John Dewey played a leading role in promoting the state educational system in America, and many of his ideas dismantled long-standing insights into the liberal arts and the great books as central to human formation. Over time, employment and workforce training came to dominate thinking about education. (See our related courses here and here.)

1914–1930

Harkness Method

Edward Harkness (oil magnate and philanthropist) presented Phillips Exeter Academy with a gift of large hardwood tables for all of their classrooms. These tables became associated with the “Harkness method” now used in many independent schools and colleges to encourage discussion within their classes using methods loosely associated with Socratic teaching. (See related courses here and here.)

1930

St. John’s College Adopts a Great Books Curriculum

St. John’s College in Annapolis, Maryland adopted a Great Books curriculum. The state of Maryland chartered St. John’s College in 1784, merging it with King William’s School (from 1696). Four of the college founders signed the Declaration of Independence in 1776. (See interviews and sample lessons with two St.
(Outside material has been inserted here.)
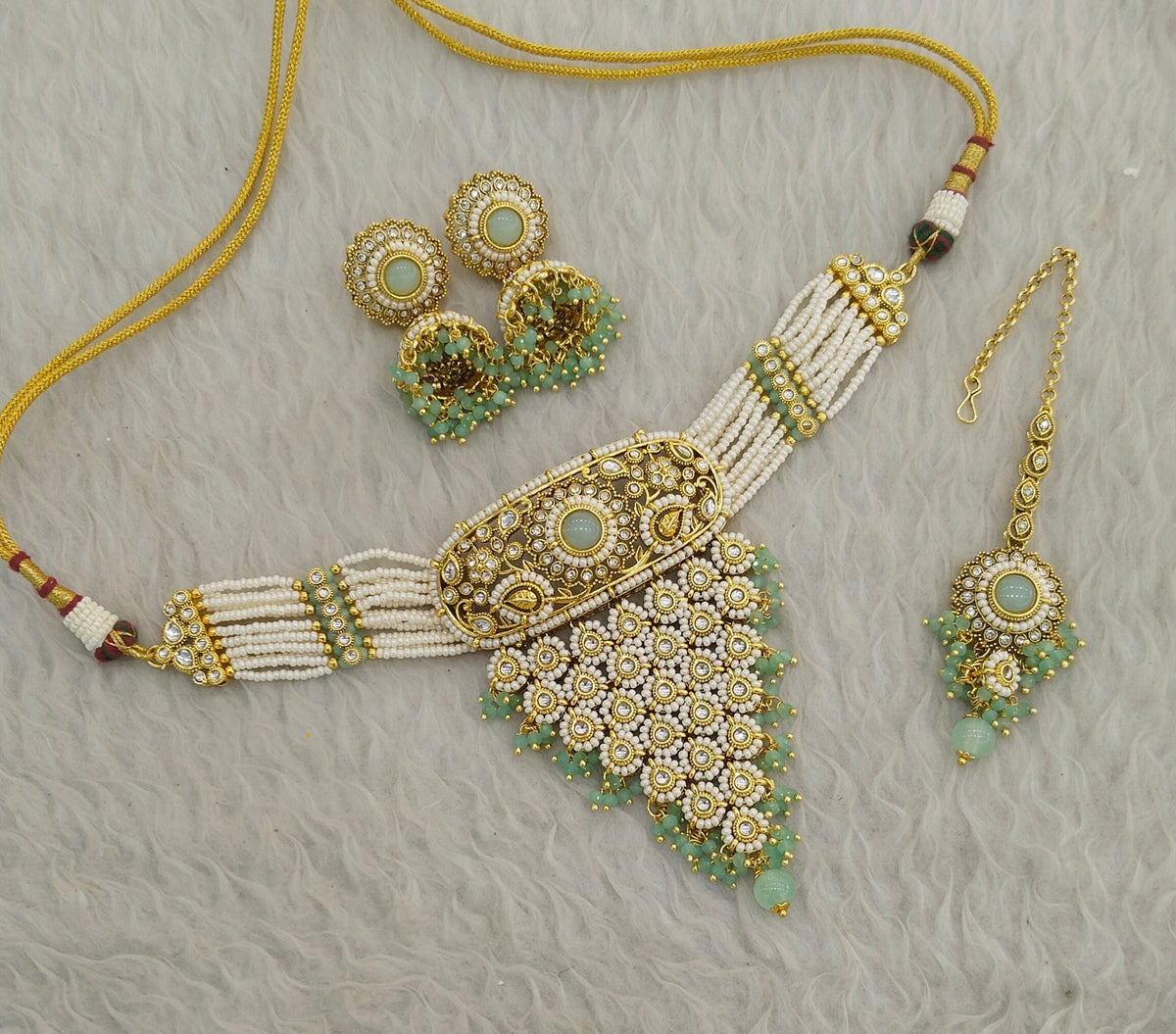 Mint Kundan necklace Set/ Indian jewellery kundan Nisha sets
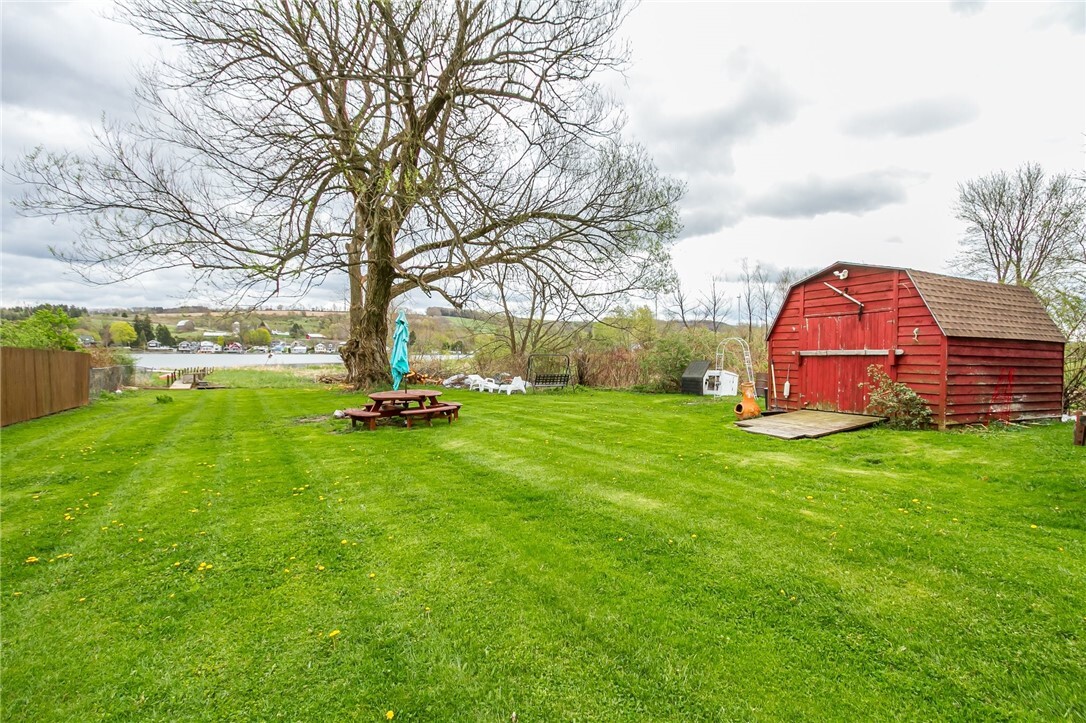 Property Photo:  156 Davis Road  NY 14572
John's College tutors within our course on socratic teaching.)

1937

The Abolition of Man by C. S. Lewis

Publication of The Abolition of Man: Reflections on Education with Special Reference to the Teaching of English in the Upper Forms of Schools, a minor classic on education and moral values by C. S. Lewis. (See related course here.)

1943

Dorothy Sayers

"The Lost Tools of Learning" was a paper read during a Vacation Course in Education at Oxford by Dorothy Sayers. This paper later inspired many educators in America to reconsider the liberal arts tradition.

1947

Leisure: the Basis of Culture by Josef Pieper

Only a year after the word “workaholic” was coined in Canada, the German philosopher Josef Pieper penned Leisure: the Basis of Culture (translated into English in 1952 by Alexander Dru with an introduction by T. S. Eliot).

1948

Mortimer Adler and the Great Books of the Western World

Great Books of the Western World series (54-volume set) published. With collaboration by Robert Hutchins and Mortimer Adler at the University of Chicago (based on a course they developed that was in a format originated by John Erskine at Columbia University in 1921 with a "round table" approach to reading and discussing great books among professors and undergraduates).

1952

Integrated Humanities Program

Integrated Humanities Program (IHP, aka Pearson integrated Humanities Program) at the University of Kansas in the 1970s offered by Dr. Dennis Quinn, Dr. John Senior, and Dr. Frank Nelick. In the words of Dennis Quinn, the program sought to "teach the Great Books, the classics, from the Greeks up through the Romans and through the Middle Ages and the Renaissance into the modern times.” (See “Where Wonder Cultivated Catholicity” by Dana Lorelle in the National Catholic Register from March 2005.) In addition to studying the great books, the students also got together for poetry memorization, singing folk songs, formal waltzing lessons, and stargazing, an activity the founders thought to be one of the greatest sources of wonder.

1970–1979

Cair Paravel Latin School (Topeka, Kansas)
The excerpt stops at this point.